Now, if you read my reviews of previous seasons, you'll notice all of these things existed in the series prior to this point. Those seasons made up for it with bombastic action scenes and powerful character moments. This season...doesn't. Okay, that's not completely true, Reiner got fleshed out a bit and it was pretty good, but that's literally it. The action was a major step down from previous seasons, the returning characters all get shoved to the background until the end, and the new characters...oh man do they suck.

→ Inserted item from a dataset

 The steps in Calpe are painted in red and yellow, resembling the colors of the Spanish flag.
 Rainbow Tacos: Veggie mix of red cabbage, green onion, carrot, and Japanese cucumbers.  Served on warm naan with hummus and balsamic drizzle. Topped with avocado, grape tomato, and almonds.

So if the things that made previous seasons great are missing, surely they replace it with something equally engaging, right? Right? No. We spend a ridiculous amount of time with two brand new characters, Gabi, who is somehow a less interesting and nuanced version of Erin McYells-A-Lot from season 1, and Falco, who's somehow a less interesting and nuanced version of Reiner. To be fair, I actually like what they're trying to do with these two, demonstrate how hate and war are a cycle that will continue from generation to generation...unless individuals each choose the hard path to not seek revenge and stop the violence. This is actually beautifully demonstrated when a father chooses not to kill the soldier who murdered his daughter in order to set a good example for his other children. It is then immediately ruined when one of his children immediately tries to exact revenge themselves, rendering his noble action meaningless. Gabi and Falco are equally confusing, you can make the case Gabi is only the way she is because of the environment she was raised in, but Falco was raised in the same environment and came out completely different, so she really doesn't have an excuse, she just sucks as a human being. Is that the point the series? Some people just suck? I guess that's a valid idea, but is it an entertaining one? No.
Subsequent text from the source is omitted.